⁷College of Life and Environmental Sciences, University of Exeter, Exeter, UK

Received: 12 Jul 2021 – Discussion started: 28 Sep 2021

Abstract. This paper presents an updated estimation of the bottom-up global surface seawater dimethyl sulfide (DMS) climatology. This update, called DMS-Rev3, is the third of its kind and includes five significant changes from the last climatology, ‘L11’ (Lana et al., 2011) that was released about a decade ago. The first change is the inclusion of new observations that have become available over the last decade, creating a database of 872,427 observations leading to a ~18-fold increase in raw data as compared to the last estimation The second is significant improvements in data handling, processing, and filtering, to avoid biases due to different observation frequencies which results from different measurement techniques. Thirdly, we incorporate the dynamic seasonal changes observed in the geographic boundaries of the ocean biogeochemical provinces. The fourth change involves the refinement of the interpolation algorithm used to fill in the missing data. And finally, an upgraded smoothing algorithm based on observed DMS variability length scales (VLS) helps to reproduce a more realistic distribution of the DMS concentration data. The results show that DMS-Rev3 estimates the global annual mean DMS concentration to be ~1.87 nM (2.35 nM without a sea-ice mask), i.e., about 4 % lower than the previous bottom-up ‘L11’ climatology.
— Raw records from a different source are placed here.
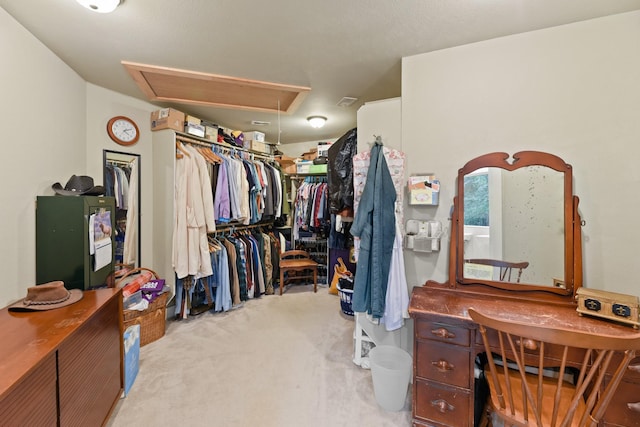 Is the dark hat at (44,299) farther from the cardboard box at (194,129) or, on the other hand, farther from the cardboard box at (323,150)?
the cardboard box at (323,150)

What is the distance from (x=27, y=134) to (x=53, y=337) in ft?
4.63

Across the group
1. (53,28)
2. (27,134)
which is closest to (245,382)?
(27,134)

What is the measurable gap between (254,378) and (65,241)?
1595mm

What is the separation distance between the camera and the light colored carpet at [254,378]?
62.2 inches

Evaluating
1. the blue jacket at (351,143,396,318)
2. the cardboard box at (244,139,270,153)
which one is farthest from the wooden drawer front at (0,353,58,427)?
the cardboard box at (244,139,270,153)

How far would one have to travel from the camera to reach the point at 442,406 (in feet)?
4.51

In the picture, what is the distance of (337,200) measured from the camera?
247 centimetres

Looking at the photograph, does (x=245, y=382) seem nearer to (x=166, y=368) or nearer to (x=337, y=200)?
(x=166, y=368)

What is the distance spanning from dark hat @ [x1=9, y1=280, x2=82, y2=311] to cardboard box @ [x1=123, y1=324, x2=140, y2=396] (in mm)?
569

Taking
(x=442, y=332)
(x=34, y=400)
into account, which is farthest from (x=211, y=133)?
(x=442, y=332)

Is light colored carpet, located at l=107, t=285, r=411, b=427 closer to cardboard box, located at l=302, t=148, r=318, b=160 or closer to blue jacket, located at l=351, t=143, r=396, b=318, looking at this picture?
blue jacket, located at l=351, t=143, r=396, b=318

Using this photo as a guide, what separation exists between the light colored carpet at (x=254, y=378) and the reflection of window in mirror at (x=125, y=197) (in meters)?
0.88

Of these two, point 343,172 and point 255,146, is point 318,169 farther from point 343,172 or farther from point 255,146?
point 343,172

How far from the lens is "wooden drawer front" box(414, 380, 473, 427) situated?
4.39 ft
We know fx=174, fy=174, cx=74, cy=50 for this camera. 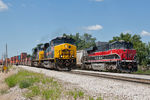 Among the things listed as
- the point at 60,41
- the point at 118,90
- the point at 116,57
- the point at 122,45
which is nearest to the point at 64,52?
the point at 60,41

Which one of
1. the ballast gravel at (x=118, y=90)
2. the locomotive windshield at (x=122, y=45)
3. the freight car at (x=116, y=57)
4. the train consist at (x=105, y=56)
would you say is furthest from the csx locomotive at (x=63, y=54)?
the ballast gravel at (x=118, y=90)

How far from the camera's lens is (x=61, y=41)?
18250 millimetres

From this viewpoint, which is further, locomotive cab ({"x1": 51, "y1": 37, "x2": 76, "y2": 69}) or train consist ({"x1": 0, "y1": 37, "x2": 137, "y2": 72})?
locomotive cab ({"x1": 51, "y1": 37, "x2": 76, "y2": 69})

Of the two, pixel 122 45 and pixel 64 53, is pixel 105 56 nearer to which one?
pixel 122 45

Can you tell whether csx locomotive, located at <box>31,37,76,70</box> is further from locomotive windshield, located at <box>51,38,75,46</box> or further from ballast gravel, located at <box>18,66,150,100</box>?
ballast gravel, located at <box>18,66,150,100</box>

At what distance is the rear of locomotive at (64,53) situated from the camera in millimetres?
17406

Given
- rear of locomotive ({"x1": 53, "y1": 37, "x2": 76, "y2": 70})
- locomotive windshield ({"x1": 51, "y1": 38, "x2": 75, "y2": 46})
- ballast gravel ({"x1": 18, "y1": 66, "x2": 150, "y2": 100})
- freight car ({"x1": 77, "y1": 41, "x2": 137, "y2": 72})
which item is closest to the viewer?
ballast gravel ({"x1": 18, "y1": 66, "x2": 150, "y2": 100})

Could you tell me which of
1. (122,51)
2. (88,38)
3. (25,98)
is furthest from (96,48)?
(88,38)

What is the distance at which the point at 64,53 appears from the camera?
17.6 metres

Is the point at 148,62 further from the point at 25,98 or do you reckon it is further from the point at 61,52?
the point at 25,98

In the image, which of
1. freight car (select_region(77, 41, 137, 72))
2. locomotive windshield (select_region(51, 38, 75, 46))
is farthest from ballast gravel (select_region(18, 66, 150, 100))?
locomotive windshield (select_region(51, 38, 75, 46))

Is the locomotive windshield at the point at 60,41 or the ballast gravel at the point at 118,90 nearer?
the ballast gravel at the point at 118,90

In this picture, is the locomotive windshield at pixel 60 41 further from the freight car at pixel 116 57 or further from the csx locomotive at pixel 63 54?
the freight car at pixel 116 57

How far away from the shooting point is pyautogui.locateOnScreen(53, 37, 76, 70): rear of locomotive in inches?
685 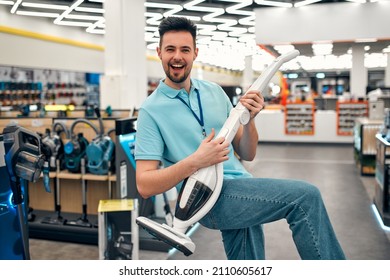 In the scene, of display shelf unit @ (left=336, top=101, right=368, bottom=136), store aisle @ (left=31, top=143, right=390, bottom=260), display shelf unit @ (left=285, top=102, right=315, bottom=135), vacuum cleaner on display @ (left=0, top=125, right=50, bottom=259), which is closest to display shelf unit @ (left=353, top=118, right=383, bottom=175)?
store aisle @ (left=31, top=143, right=390, bottom=260)

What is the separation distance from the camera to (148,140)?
1.24 meters

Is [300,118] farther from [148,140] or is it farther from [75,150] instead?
[148,140]

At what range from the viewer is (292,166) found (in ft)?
24.6

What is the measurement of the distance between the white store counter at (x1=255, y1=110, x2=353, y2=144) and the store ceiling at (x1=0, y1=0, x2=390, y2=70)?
216 cm

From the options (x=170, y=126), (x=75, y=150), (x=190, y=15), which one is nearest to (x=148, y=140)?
(x=170, y=126)

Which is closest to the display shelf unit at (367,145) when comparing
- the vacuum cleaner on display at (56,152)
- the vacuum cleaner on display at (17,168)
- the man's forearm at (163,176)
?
the vacuum cleaner on display at (56,152)

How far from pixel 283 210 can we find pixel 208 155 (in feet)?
0.76

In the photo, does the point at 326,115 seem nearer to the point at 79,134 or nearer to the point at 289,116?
the point at 289,116

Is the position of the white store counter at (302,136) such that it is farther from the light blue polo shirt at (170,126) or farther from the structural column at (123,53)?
the light blue polo shirt at (170,126)

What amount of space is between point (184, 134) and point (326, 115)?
385 inches

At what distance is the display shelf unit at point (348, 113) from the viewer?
34.1 feet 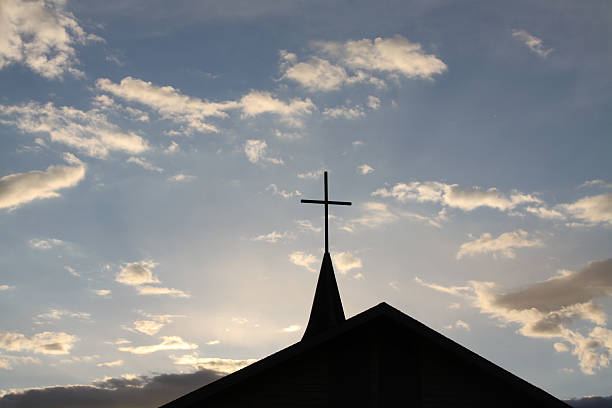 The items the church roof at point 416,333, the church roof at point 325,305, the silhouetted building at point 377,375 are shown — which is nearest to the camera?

However, significant regional differences of more than 100 % as compared to L11 are observed. The global sea to air flux of DMS is estimated at ~27 TgS yr⁻¹ which is about 4 % lower than L11, although, like the DMS distribution, large regional differences were observed. The largest changes are observed in high concentration regions such as the polar oceans, although oceanic regions that were under-sampled in the past also show large differences between revisions of the climatology. Finally, DMS-Rev3 reduces the previously observed patchiness in high productivity regions.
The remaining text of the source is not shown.